With Wonder Woman finally on the big screen, now is the perfect opportunity for DC Comics to release a one-shot starring her boyfriend, Steve Trevor. Wonder Woman: Steve Trevor #1 hits stores this week and it’s written by Nightwing‘s Tim Seeley with art from Christian Duce. The one-shot brings Steve’s friends from the movie into the comic book universe and introduces a potential new villain for Diana to face.
Writer: Tim Seeley
Artist: Christian Duce
Publisher: DC Comics
Here’s the synopsis from DC Comics:
When Wonder Woman saved Steve Trevor from dying on the shores of Themiscyra, his life—and hers—changed forever! In this special issue, learn more about the tumultuous partnership these two have had over the years…and get a hint at where it’s going in the future! Have these two finally admitted they’re meant for each other?

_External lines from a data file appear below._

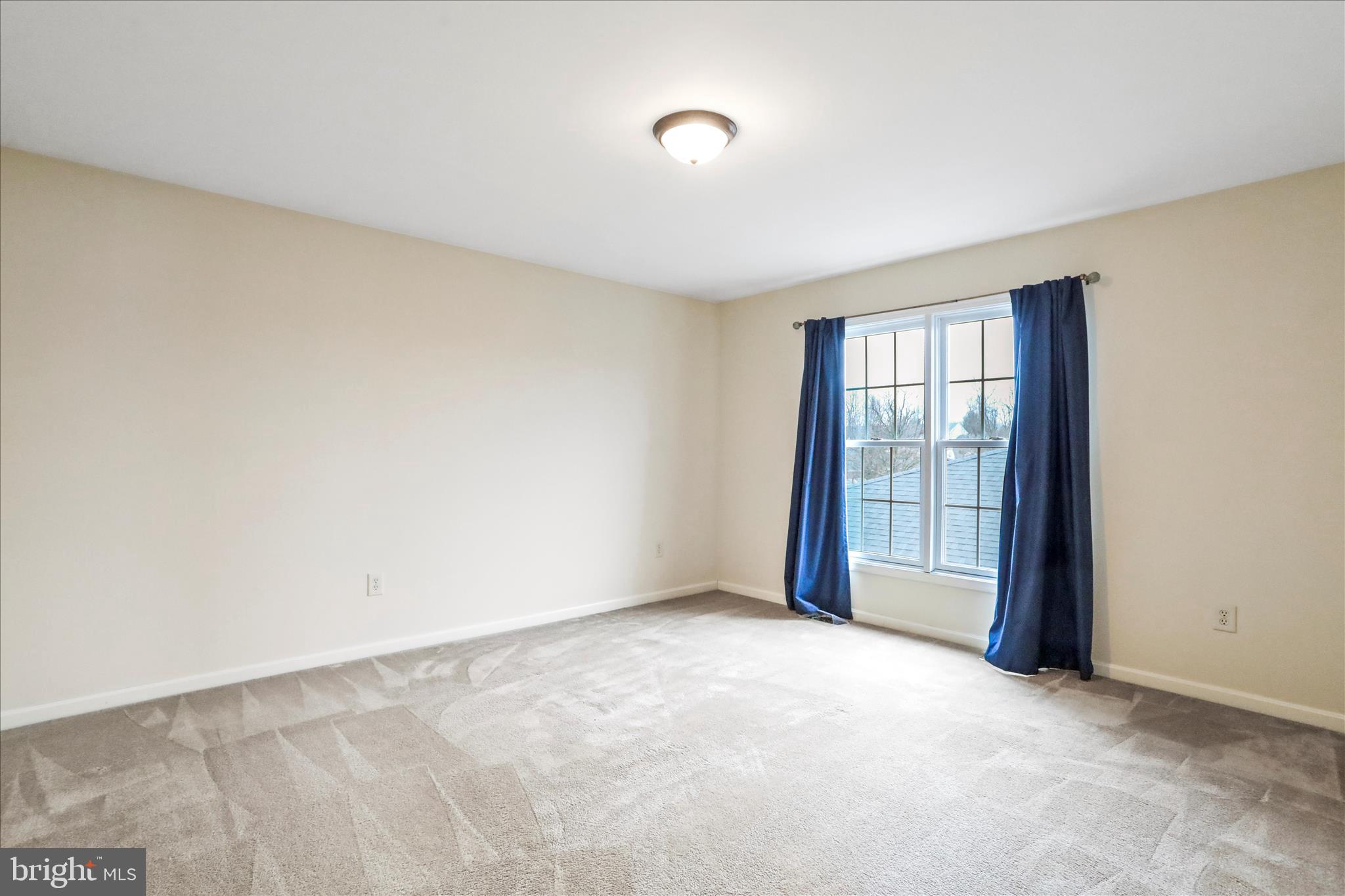 GREENWICH PARK - Residential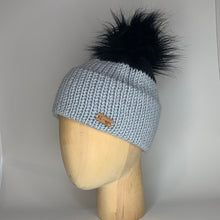 Load image into Gallery viewer, Bac N Brooklyn ... Beanie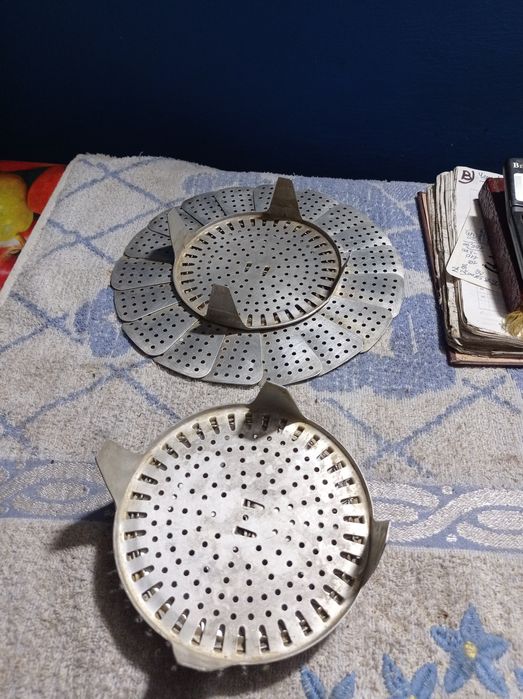 Продам пароварка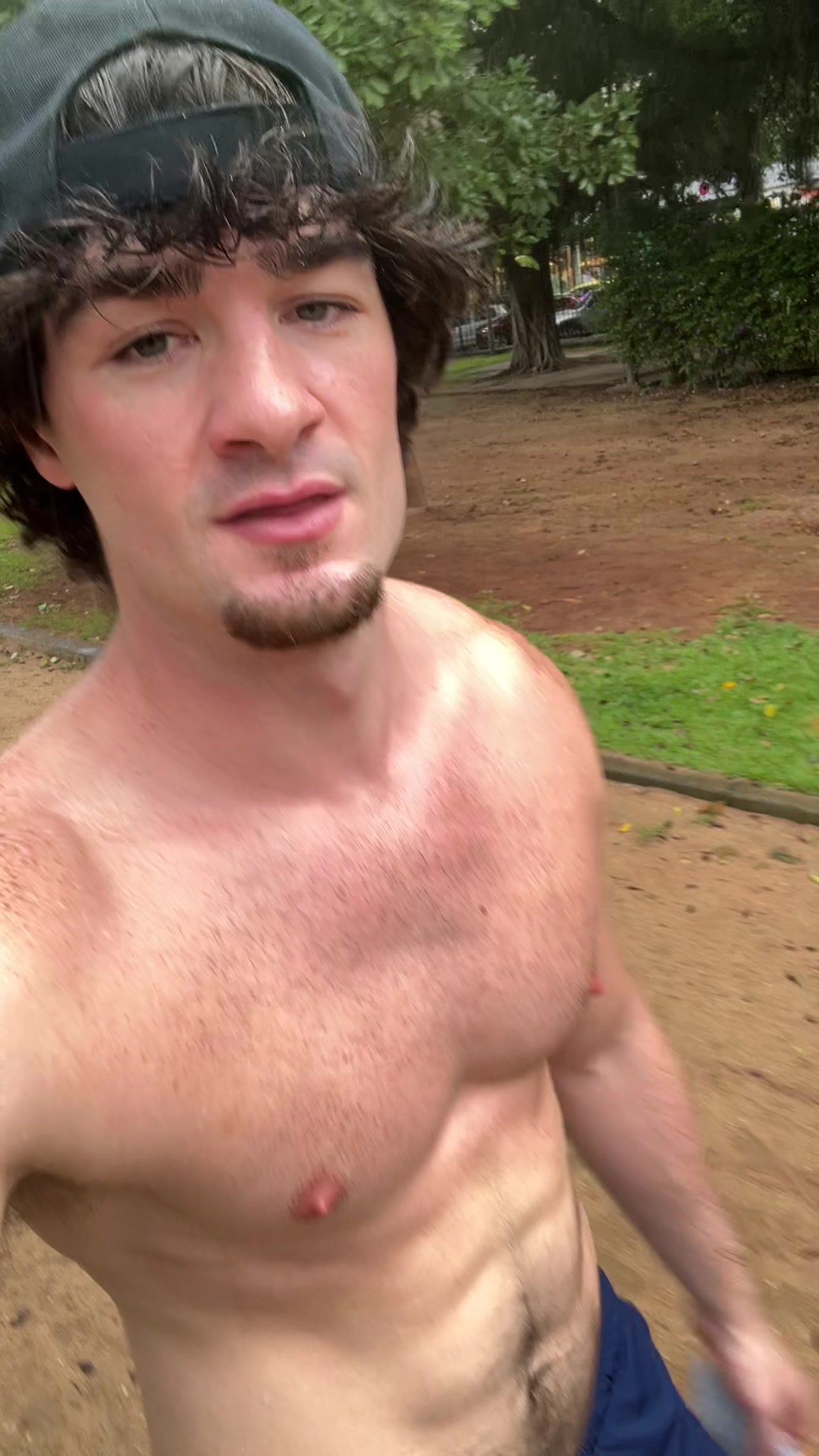 @ace_carter69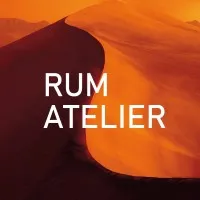 RUM Atelier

Or do the Fates have other ideas?
The new issue gives Steve a chance to star in his own story, without Diana sweeping in to save his skin. After a quick Raiders of the Lost Ark-esque opening adventure that at least gives Diana some screen time, Steve is off on his own mission.
He’s off to help save the Oddfellows – three characters who are suspiciously similar to the guys we met in the Wonder Woman movie. There’s the sniper Charlie, con man Sameer and smuggler Chief. We also meet a dangerous villain named Saturna and her Crimson Men gang who are after what the Oddfellows have.
The issue is a neat little adventure, recasting Steve as the star of a long-lost Grayson issue. Seeley’s use of an inner monologue gives us a lot of information while keeping the story moving forward and bringing it to a concise finale while also leaving the door open for another Steve solo mission.
It’s clear that the main goal of the story is to bring in the characters from Wonder Woman the movie. Considering that the film has been such a monster hit at the box office, the release of the book is perfectly timed. That said, there’s nothing really impressive about the issue. Duce’s art is fine, but it’s not unique. Seeley’s writing of covert operations is the star here.
The best thing about the book though is the covers. Paul Renaud’s main cover and Yankick Paquette’s variant would make for great posters.